Previously in Dark Sun: After surviving the wastelands, the unlikely duo of Grudvik, a Mul gladiator, and Aki, a human bard, have found their way back to the city in search of Grudvik’s love, and the secret entrance to the UnderTyr.
EPIC STORY BUILDING
Grudvik and Aki have unknowingly been carrying around a very important key that will unlock the hidden treasures of the House of Ianto, but unfortunately, they only have half the key. The other half is still in the hands of Haskyr, a person of importance in the house, and someone in close constant contact, with Rubi, Grudvik’s love. When the four characters meet, secret identities are revealed that put Rubi and Haskry on the same team – they’re both powerful spellcasters, and the four quickly decide to see what exactly is buried deep beneath the city.
It’s unfortunate that others in the city know of the two halves of the key, and turn against the team, calling in the city constabulary to arrest everyone. What follows is a great escape scene, a journey into the sewers, and a first encounter against the undead.
As each chapter grows, readers have been given excellent character building, and here we finally get to venture into the catacombs and the beginnings of a grand quest typical of a Dungeons and Dragons campaign. It’s so well put together, that I almost forgot that the book is following the very tropes we expect to see in a D&D adventure. Alex Irvine uses the world set up by Wizards of the Coast, and creates a lush environment (albeit one that is quite arid) for his characters to go adventuring in. This is one of the few tales that I look forward to reading each month because it is so different from the standard fantasy stories I’ve been exposed to thus far. I only hope that Irvine continues to be creative, and doesn’t get lazy in his story telling.
While the art is fairly simple, its the highlights and shading that give the art real depth. I like that I don’t have to squint my eyes to see what is going on, or to try and figure out who is who in each panel. Even when things get really dark or explode into fire during a major fight scene, each of the characters, both good and bad, are easily recognizable.
The coloring really adds to the complete story. When the group enters the sewers and use magic light to guide their way, everything takes on a green tone, when Rubi explodes a group of undead, the page goes super-nova with the reds, oranges, and yellows. Additionally, the paper stock IDW decided to print this series on, ads to the feeling of a dry arid environment, as the pages are matte and slightly rough compared to the slick glossy pages found in other titles.

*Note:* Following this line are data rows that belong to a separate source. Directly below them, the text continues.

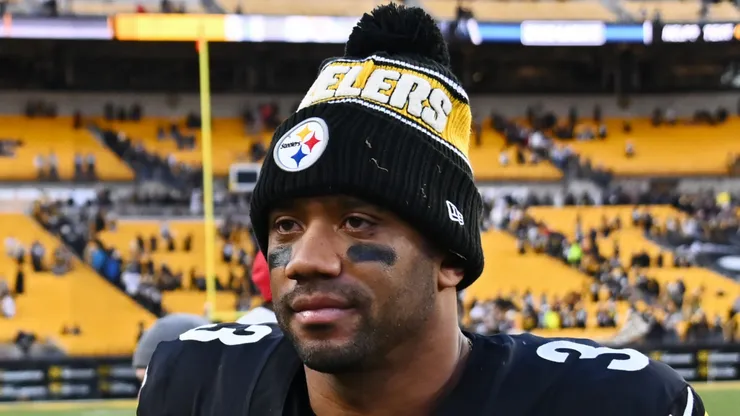 Russell Wilson quarterback of the Pittsburgh Steelers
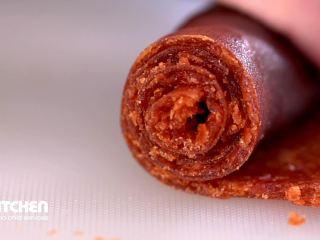 12、自制山楂卷,卷成卷方便食用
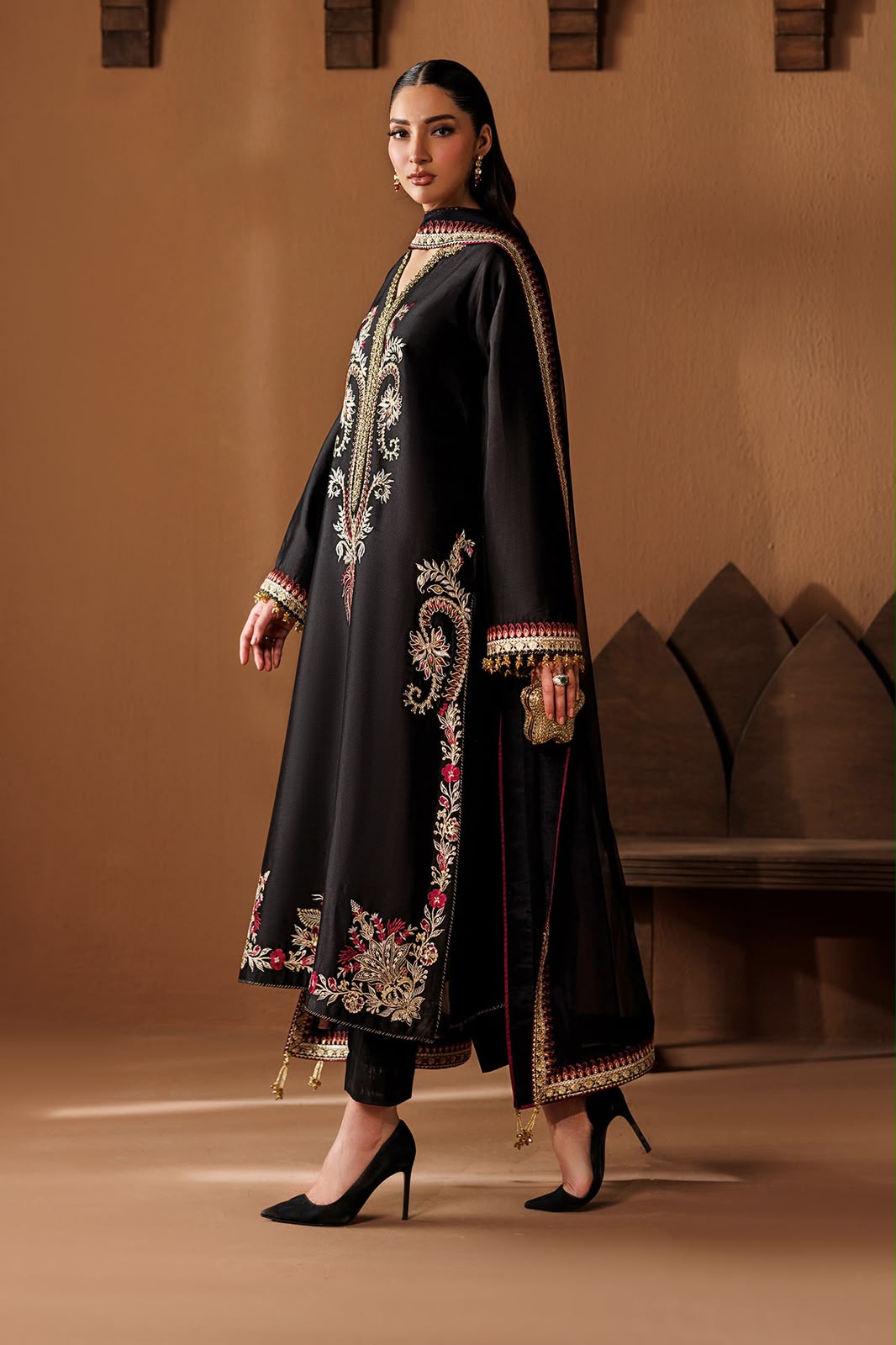 Baroque Heavy Embroidered Unstitched Silk 3 Piece Suit with Chiffon Dupatta – image 3 of 8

BOTTOM LINE: WORTH THE PRICE
I know $3.99 is a lot ot pay for comics, and it runs the fine line between me buying the book and tossing it aside. That’s why I’m glad the story being told is so worth the price of admission. A grand tale is being told, and the art moves the reader through the tale with ease. I would venture that not many are familiar with the Dark Sun campaign setting, making this a great contender for other barbarian tales being offered. Dark Sun #3 is a fine read and worthy of 4 out of 5 Stars.